Problem statement: Pictures do not belong in the copy, so please give every entry below again exactly.

───── Data records

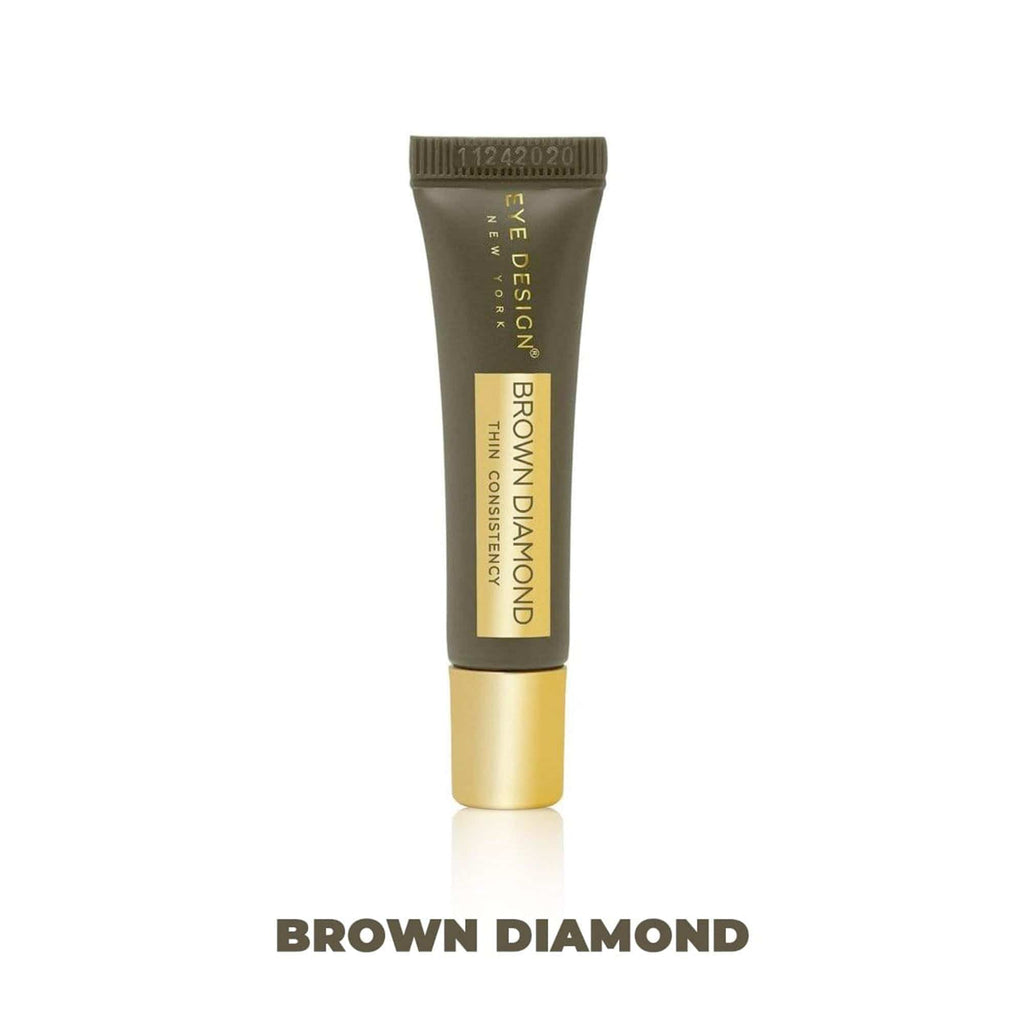 Permanent Makeup Pigment - Brown Diamond Color for Powder/Ombre/NanoBlading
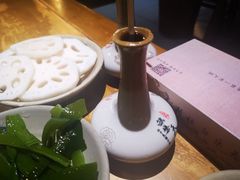 酸梅汁-白乐天毛肚火锅馆(解放碑店)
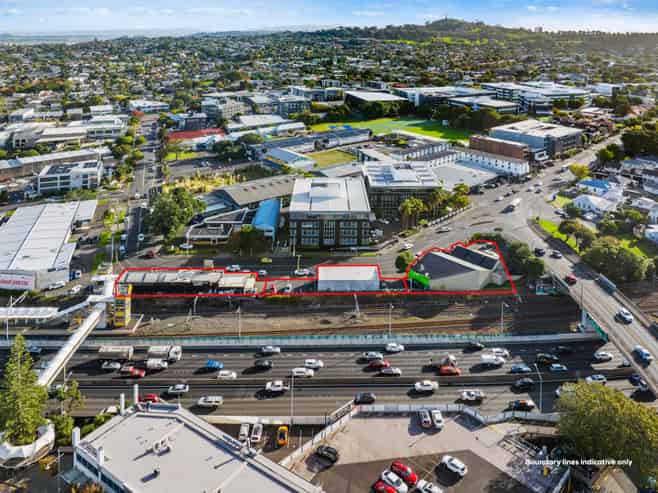 ROBUST INCOME, STRATEGIC LANDHOLDINGS
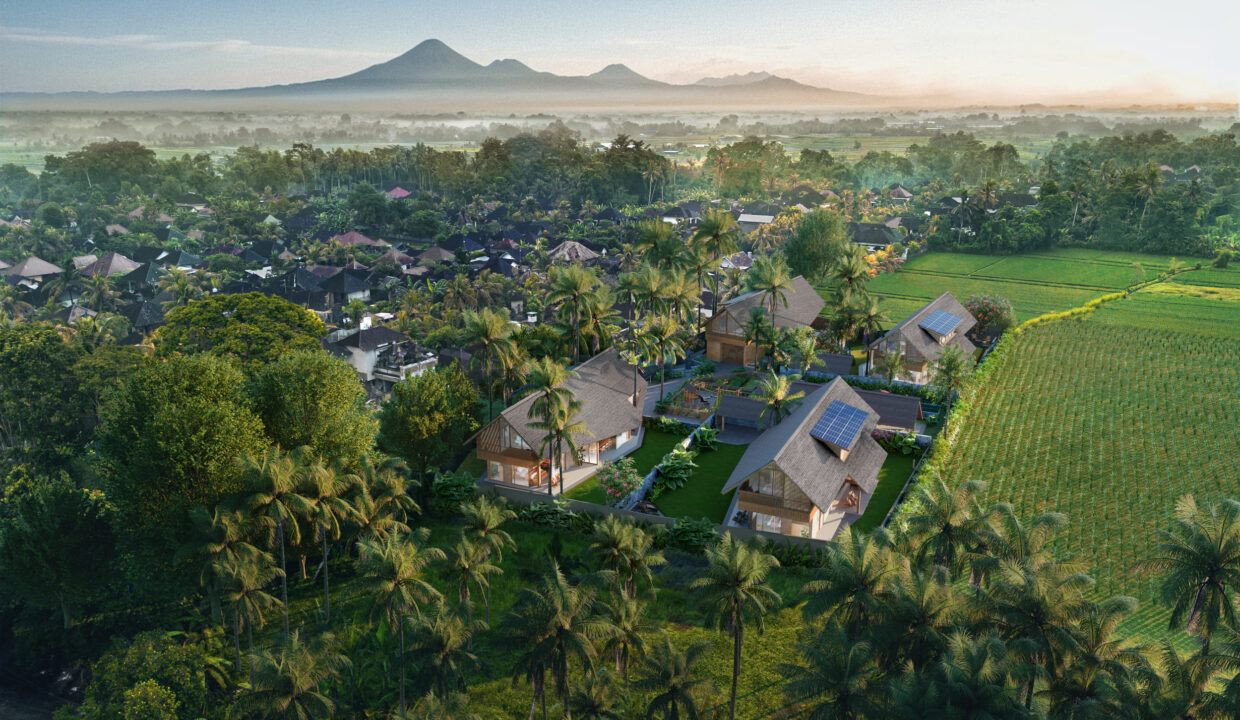 Off Plan Family Home Complex with Community Facilities in Kaba Kaba (2)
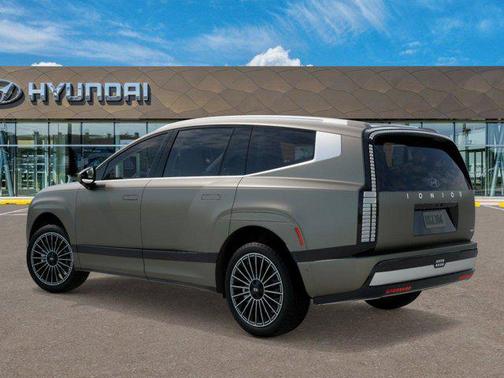 2026 Hyundai IONIQ 9 Performance Calligraphy Design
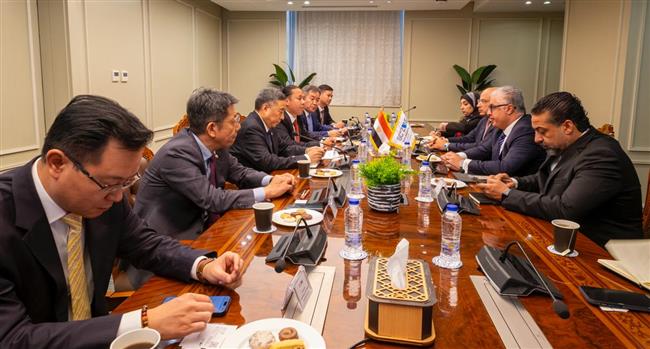 المنطقة الاقتصادية لقناة السويس تعزز شراكتها مع CHEC لتطوير الموانئ والبنية التحتية  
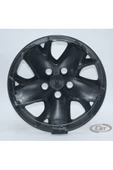 Jant Kapağı Kırılmaz 16" Fluence Yeni Model (Çıkartma Hediyeli) (ADET OLARAK) - 2
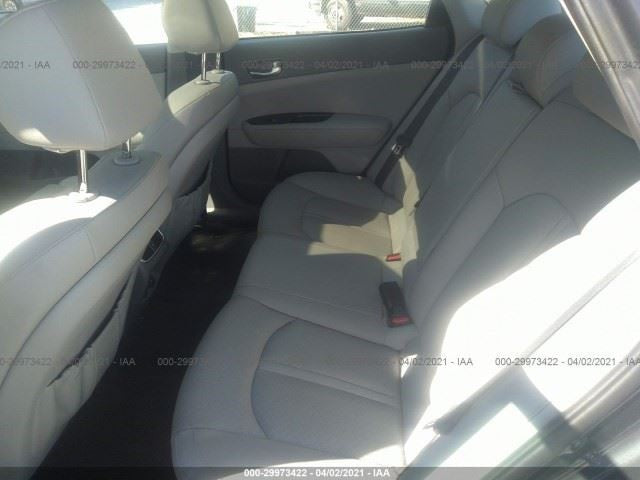 Automatic Transmission US Built VIN 5 1st Digit 2.4L Fits 16-19 OPTIMA 589371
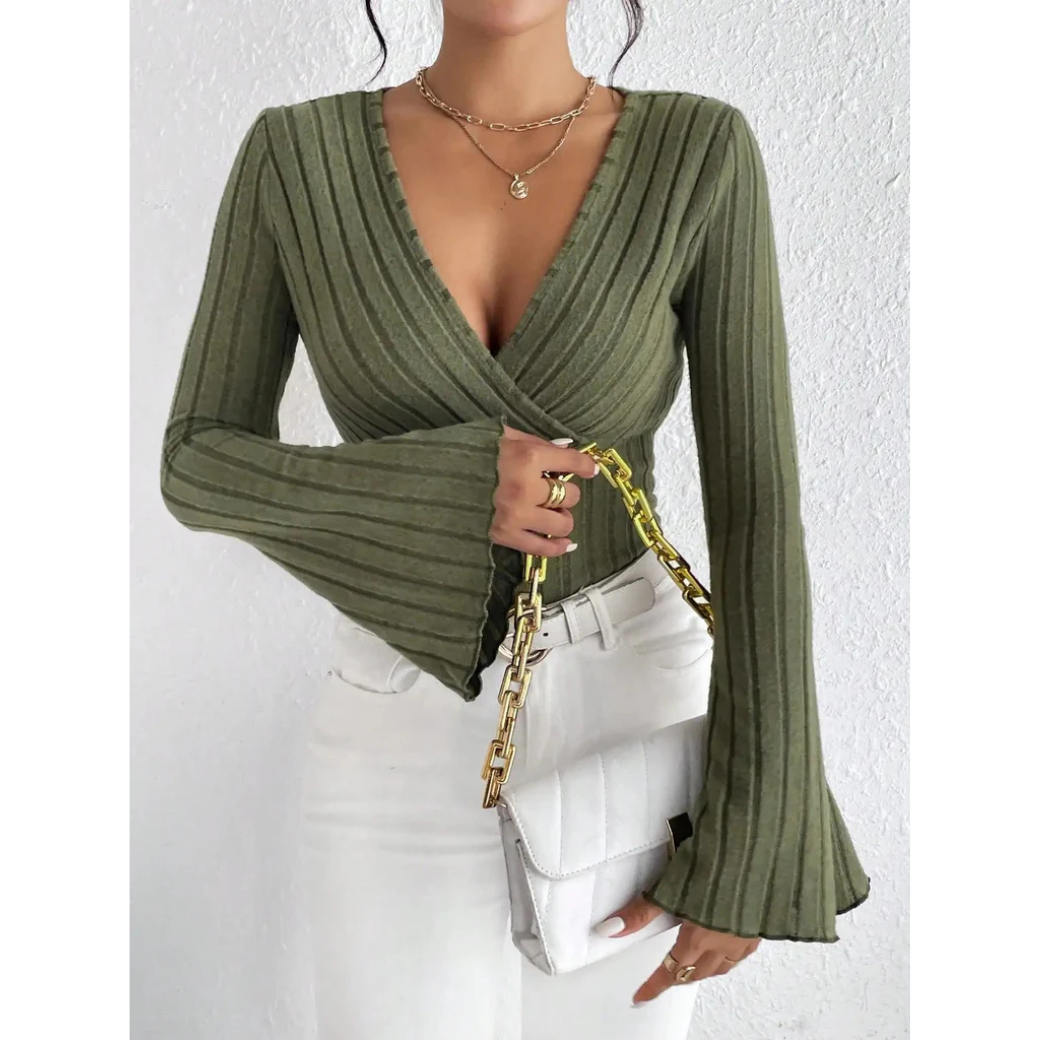 Cozy Textured Sweater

──────────

Result for this exercise:
 Permanent Makeup Pigment - Brown Diamond Color for Powder/Ombre/NanoBlading
 酸梅汁-白乐天毛肚火锅馆(解放碑店)
 ROBUST INCOME, STRATEGIC LANDHOLDINGS
 Off Plan Family Home Complex with Community Facilities in Kaba Kaba (2)
 2026 Hyundai IONIQ 9 Performance Calligraphy Design
 المنطقة الاقتصادية لقناة السويس تعزز شراكتها مع CHEC لتطوير الموانئ والبنية التحتية  
 Jant Kapağı Kırılmaz 16" Fluence Yeni Model (Çıkartma Hediyeli) (ADET OLARAK) - 2
 Automatic Transmission US Built VIN 5 1st Digit 2.4L Fits 16-19 OPTIMA 589371
 Cozy Textured Sweater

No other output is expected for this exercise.